On December 21, 1979, the Department of Labor formally amended its FLSA interpretive regulations to provide that publicly owned mass transit systems are not entitled to imunity under National League, 44 Fed.Reg. 75, 630 (1979)(codified at 29 C.F.R. § 775.3(b)(3)(1983)) and since that time no regulations have issued restricting FLSA's application to mass transit.

d. Throughout the period following December 21, 1979, other courts of appeals, besides the Eleventh Circuit in this case, found and confirmed FLSA coverage of publicly operated mass transit.3 And during this period the Supreme Court decided United Transportation Union v. Long Island R.R. Co., 455 U.S. 678, 102 S.Ct. 1349, 71 L.Ed.2d 547 (1982), in which the Court ruled that commuter rail service provided by the state-owned Long Island Rail Road did not constitute a traditional governmental function and hence did not enjoy constitutional immunity under National League.4

e.

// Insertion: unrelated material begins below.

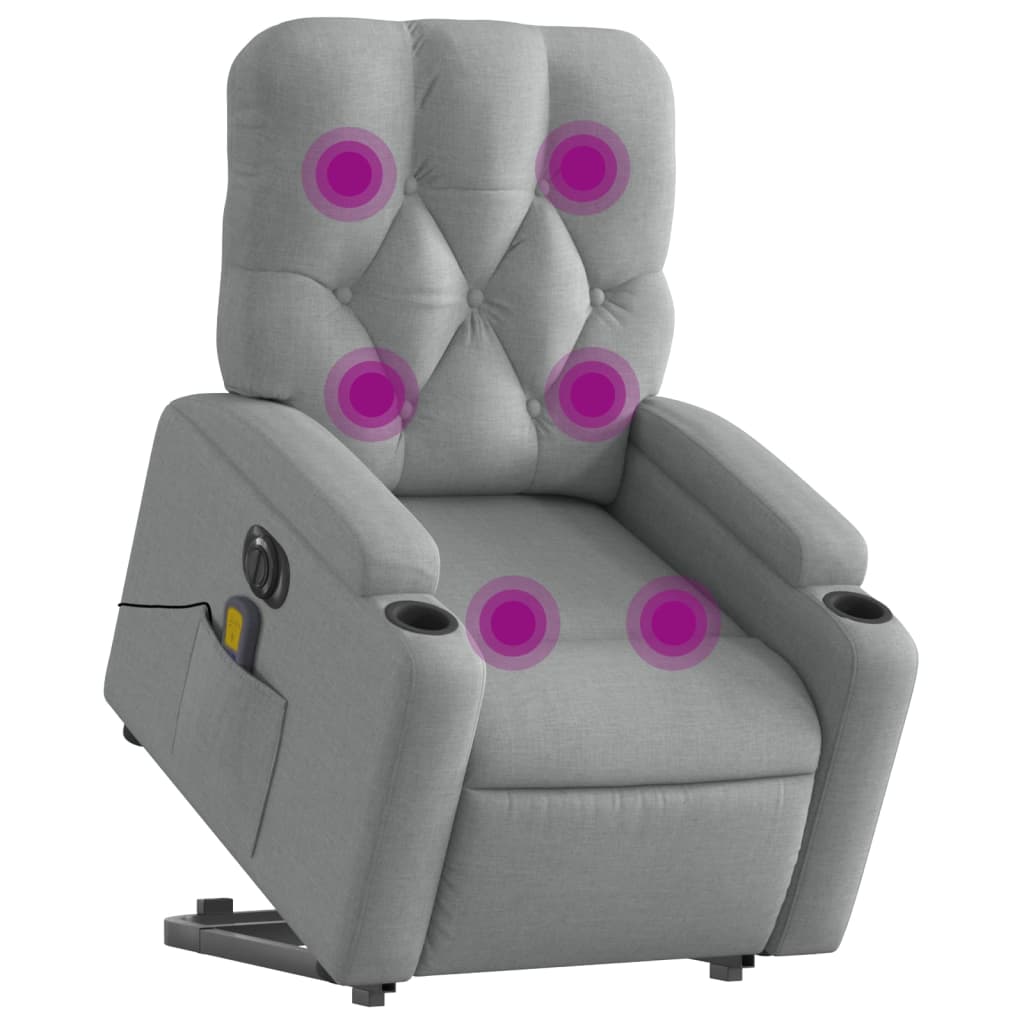 Vidaxl Lift-Up Massage Chair, Electric, Reclining, Light Gray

On April 27, 1981, this court found defendant and its transit system to be covered by the FLSA.

8. From the foregoing it must be found that defendant, aware of the Department of Labor's regulations and other courts' decisions, pursued its honest differences with those regulations and decisions until this court's adverse ruling on April 27, 1981. From and after that date defendant knew its transit system was covered by FLSA.

CONCLUSIONS OF LAW

9. Defendant has asked the court to reexamine and change the summary judgment order on the issue of liability that has already been affirmed on appeal, citing Chevron Oil Co. v. Huson, 404 U.S. 97, 92 S.Ct. 349, 30 L.Ed.2d 296 (1971)("Chevron") for the proposition that the Supreme Court's decision in Garcia should be applied prospectively only. What defendant ignores is that this court ruled on liability on April 27, 1981, pursuant to the FLSA, and such ruling was affirmed and the Supreme Court denied defendant's petition for a writ of certiorari approximately two weeks after Garcia was decided.5

Moreover the Chevron factors regarding nonretroactivity are a compendium of federal common law principles for use in the absence of federal statutory provisions. Federal common law is inapplicable where Congress has determined by statute—as here the FLSA and the Portal to Portal Act, 29 U.S.C.A. §§ 251-262 (West 1985)— the underlying policy and its enforcement. Milwaukee v. Illinois and Michigan, 451 U.S. 304, 312-14, 101 S.Ct. 1784, 1790-91, 68 L.Ed.2d 114, 123-25 (1981). See also Clearfield Trust Co. v. United States, 318 U.S. 363, 366-67, 63 S.Ct. 573, 575, 87 L.Ed. 838, 841-42 (1943)(Federal common law can be applied, if at all, only "in the absence of an applicable Act of Congress. ..."); Tennessee Valley Authority v. Hill, 437 U.S. 153, 195, 98 S.Ct. 2279, 2302, 57 L.Ed.2d 117, 147 (1978).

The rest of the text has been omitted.